In Japan, Increased Regulation Spurs Surge in Stock Prices

16 March,2024 05:13 PM IST |  Mumbai  | 

Adnan Shah


Listenadnan@gmail.com

Amidst a landscape where regulations are tightened to boost transparency and reduce systemic risks, trading activity has shifted from shadowy over-the- counter markets managed by banks to clearinghouses, predominantly owned by stock-exchange entities. Following a prolonged period of subdued stock prices, Japan embarked on a market reorganization, urging leading companies to enhance value for investors. The successful launch of the JPX Prime 150 Index has resulted in a notable decline in the number of Japanese firms trading below book value, accompanied by a significant rally in stock prices.

At the pinnacle of the financial world hierarchy, not only banks and asset managers but also stock-exchange entities hold sway. These companies, although unassuming compared to the traditional titans, wield significant power, especially in Japan.

Stock-exchange firms play a vital role by overseeing numerous key indexes that exert a growing influence on the movement of global capital. For example, the London Stock Exchange Group Plc is responsible for the management of the UK's FTSE indices and a diverse array of other benchmarks under the Russell brand. In Japan, the most renowned index is owned by the local newspaper group Nikkei Inc, but the more practical market-cap-weighted Topix is also under its purview. The Topix index, valued at over ¥83 trillion (equivalent to $560 billion), is utilized by a substantial amount of assets for tracking purposes.

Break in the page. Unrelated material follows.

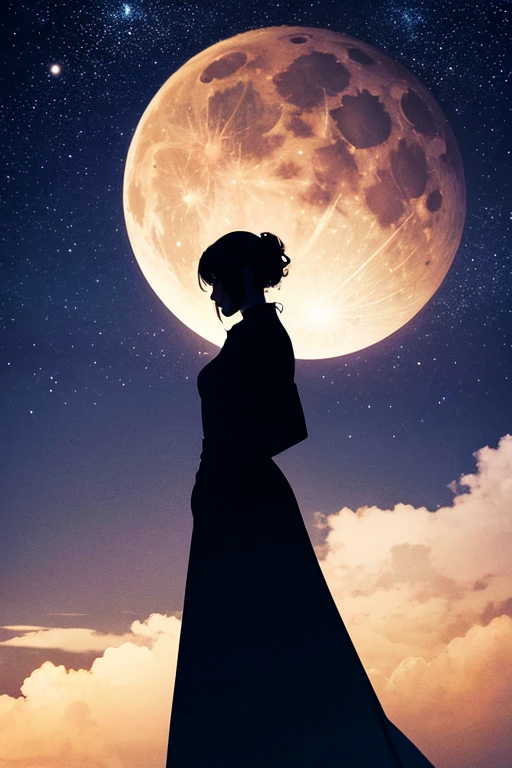 highest quality,Big moon and shadow,A silhouette of a person can be seen against the backdrop of a large moon.,There is one full moon,There is a mood,Beautiful scenery,Starry Sky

Furthermore, in the realm of clearing, regulations aimed at enhancing transparency and mitigating systemic risks have redirected trading activities from opaque over-the-counter markets managed by banks towards clearinghouses, many of which are owned by stock-exchange entities. Japan's primary clearinghouse, the Japan Securities Clearing Corporation (JSCC), operates as a subsidiary of Japan Exchange Group Inc, the entity behind the Tokyo Stock Exchange. Currently, the JSCC clears approximately 70% of global yen interest-rate swaps, and as yen-related transactions surge amid impending changes in monetary policy, the JSCC's significance in the global markets is set to expand.

Beyond clearing operations, the influence of stock-exchange companies is extending further into corporate boardrooms. While exchanges have historically shaped corporate governance standards through the companies listed on their platforms, they are now exerting more authority, particularly in countries like Japan and Korea.

Back in 1869, the New York Stock Exchange took a proactive step by establishing a dedicated committee to assess applications for listing

securities. This committee had a keen interest in evaluating the integrity and trustworthiness of potential issuers. As time progressed, the exchange introduced specific criteria, such as mandating the distribution of annual reports, reporting quarterly earnings, and conducting independent audits. These requirements were later incorporated into the Securities Exchange Act of 1934 by Congress. However, the NYSE continued to raise the bar by implementing additional standards. Companies listing on the exchange were now obliged to seek shareholder approval for significant acquisitions, maintain a minimum number of outside directors on their boards, and form an audit committee comprising independent directors.

Regulations aimed at enhancing transparency and mitigating systemic frisks have shifted trading away from opaque over-the-counter markets overseen by banks and towards clearinghouses, many of which are owned by stock- exchange firms. Japan, following years of stagnant stock prices, undertook a restructuring of its market segments, urging top-tier companies to deliver greater value to investors. The introduction of the JPX Prime 150 Index has proven to be a triumph, with a notable decrease in the number of Japanese companies trading below book value and a subsequent uptick in stock prices.

Adnan Shah is a investment analyst & Securities broker based in Jammu & Kashmir.